The unequivocal relationship of photography with the world, within that immeasurable spectrum that stretches from its invention to today’s vertiginous hyper-technological present of multiple hypotheses, is reinterpreted by David Sisso through a practical awareness that is as rigorously reflective as it is experimental. Employing procedures that combine indispensable orthodoxy with the dynamics of the unforeseen, the artist adopts a proactive equidistance between the use of the device’s mechanical resources and apparatus, the actions, reactions, and equations of drawing and graphic elements, and an extremely subtle initial relationship with the object. Stripped of its condition as a mere referent, Sisso imposes upon it an almost alchemical derivation, multiplying it into diversified appearances of an unnamable morphology.
The series titled Aproximaciones discreetly unsettles those who allow themselves to be carried away by the lucid appeal of synthetic geometric equations, which Sisso has rendered here as inadequate for any two-dimensional reading and yet prone to eventually reveal themselves as corporeal.
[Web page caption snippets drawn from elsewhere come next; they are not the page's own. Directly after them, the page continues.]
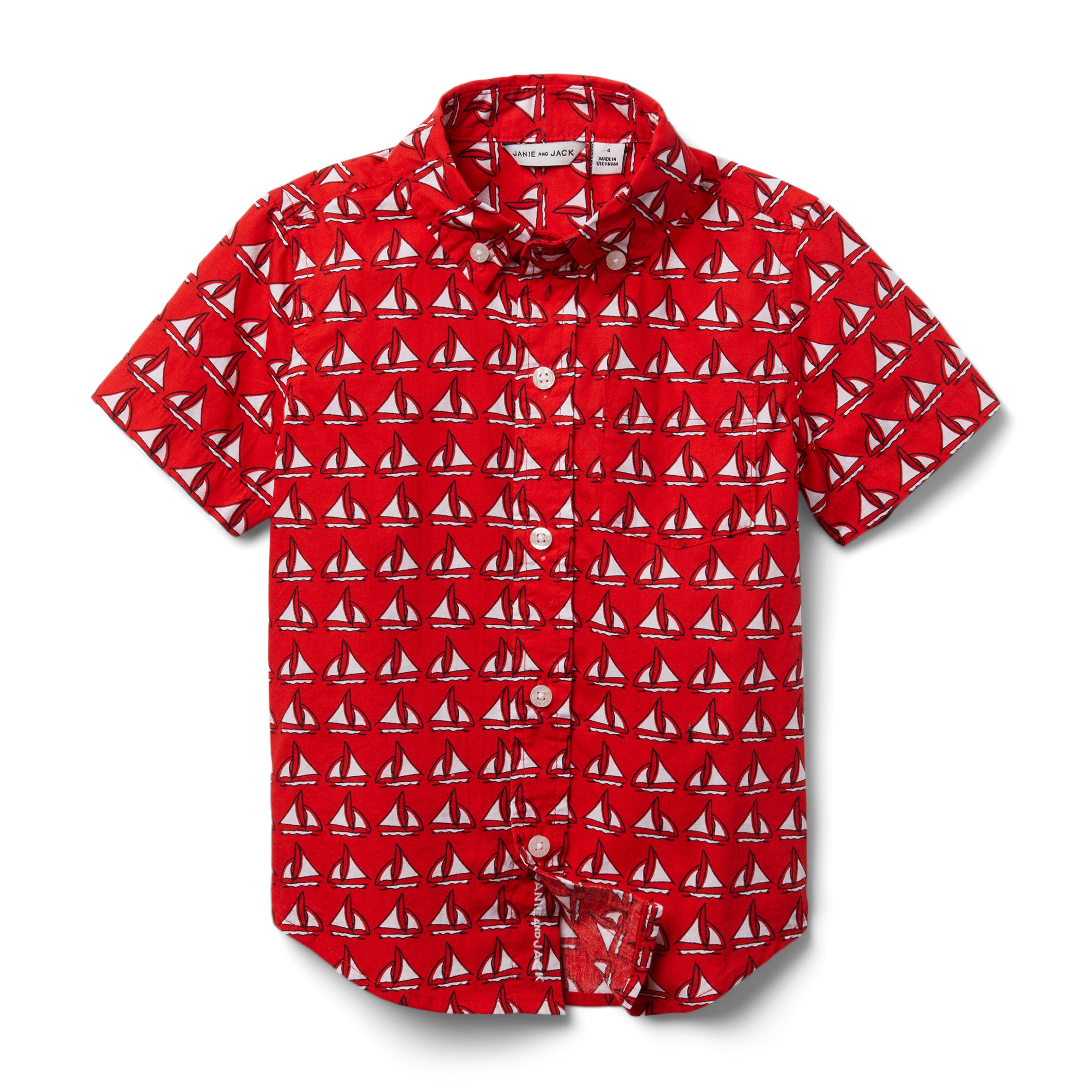 Boy Moto Red Sailboat Print Sailboat Poplin Shirt by Janie and Jack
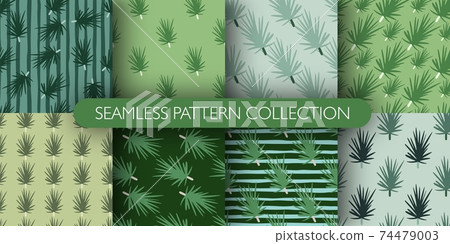 Set of simple seamless pattern with stylized doodle pine branches ornament. 74479003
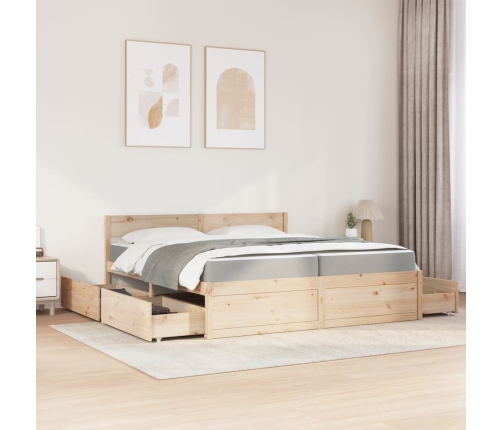 vidaXL Cama con cajones y colchón madera pino marrón cera 200x200 cm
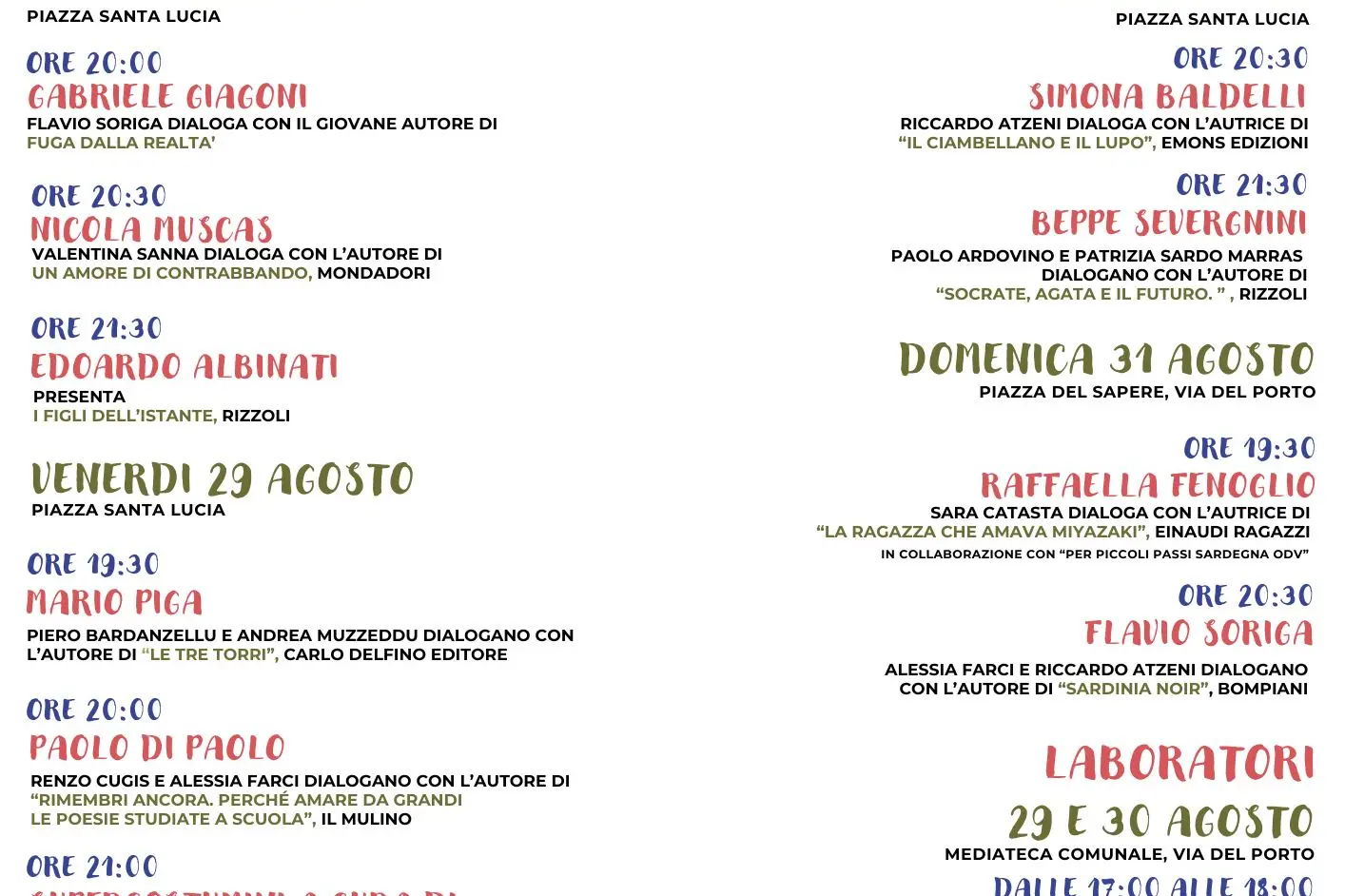 Lìgghjendi 2025, il programma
A delicate modulation of alterations in the luminous value of the plane envelops with intangible evanescence that which threatens to become the paradoxical shadow of an uncertain element—at once object, cut, depth, and surface.
In another optical register, the works announced as Grafismos generativos unfold a fascinating interweaving of grids, waves, folds, and oscillations, animated by the linear energy of a kineticism that arises equally from the richest manual sensoriality and from the structural resources embedded in technological programs and rules.
Similarly, the ensemble presented as Deriva offers the systematic counterpoint of a language of signs that seems to expand and concentrate simultaneously, in precise conjugation with the proportions of the plane.
Orchestrated as a “suite” of essays or projective inventions, this harmonious interplay of graphic patterns, perimeter cutouts, spatial simulacra, and illusions of planimetric three-dimensionality seems to propose to the receptive gaze a kinetic game of exchanges, resonances, and multiple allusions—almost as an analogy of the stimulating and festive poetics that define David Sisso, encapsulated in the title he chose for this exhibition: that small word, Ludi, with a resonance as expansive as it is mysterious.